Collection handling with missing values

This is a feature that is missing in the Split Collection Column node.

We could choose to include missing values in GroupBy node to create a list column;
We could choose to combine missing values in the collection with other such columns by Column Aggregator node;
But we could not directly split the missing values included in the collection by using the Split Collection Column node. There is no such options in the node configuration.

I think it would be a really nice update if this feature can be added. :yum:

Thank you for your great efforts as always! I really enjoy using KNIME.

Hi @haozi04 ,

interesting idea and good timing, since we are going to touch this for adding a modern dialog sooner or later. However, I am not sure I understand your suggestion correctly. Can you add a small example of what the node does today and what the alternative output would look like?

Thank you,
nan

I’m really sorry. It seems that I misunderstood the Split Collection Column node - which does work by splitting missing values into separate columns by default already.
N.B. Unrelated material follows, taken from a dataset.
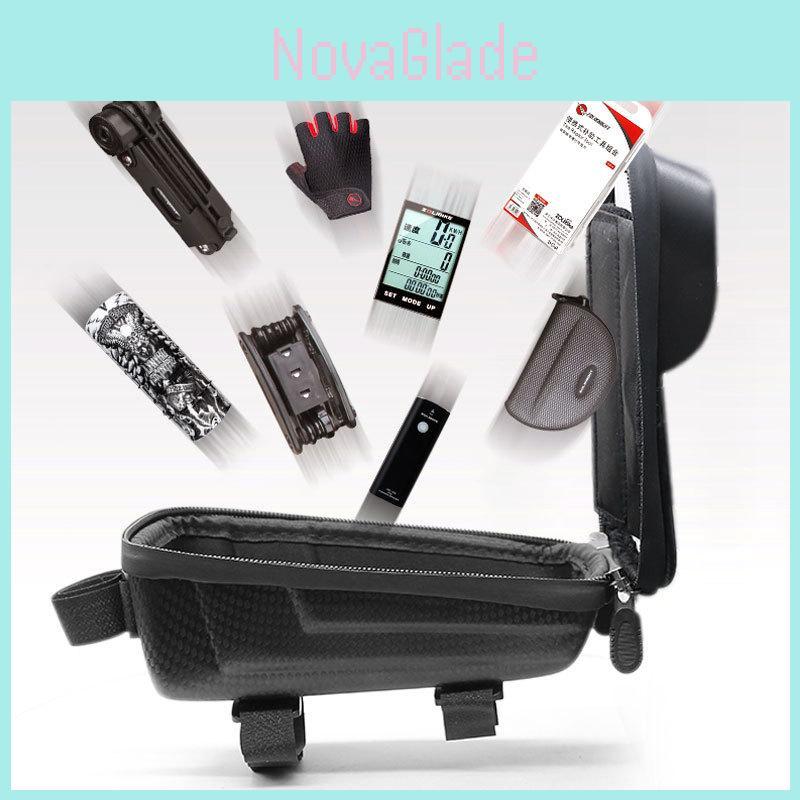 Bicycle Handlebar Storage Bag With Pvc Hard Shell Large Capacity For Cycling Gear And Phone Protection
However I found that the Column Aggregator node may not be behaving like I thought.

If there are two or more collection columns, and I want to combine them as one collection column which includes all the elements in the columns, I use the Column Aggregator node.

If there are missing values in the collections, then the aggregator will not keep them. This does not change whether I have ticked to include missing cells or not. Only if I use List as the aggregator method could I have the missing values included as nested collections - which is not desired.

Please see the test workflow here: Test_collection_aggregation – KNIME Community Hub

Thanks for clarifying and the detailed description. I was able to reproduce the behavior you described. I extended an existing ticket (internal reference AP-12262) to also cover this case.
As a workaround, you can use the Split Collection Column – KNIME Community Hub node once for each of the two input columns. Then use a Column Aggregator selecting all columns matching the wildcard pattern “Split Value*” and the List aggregation method.

Hope this helps,
nan

2 Likes

Thank you for the advise and reporting the issue. :slightly_smiling_face:

I’ve converted missing values into temporary strings and change them back after split which also works to me.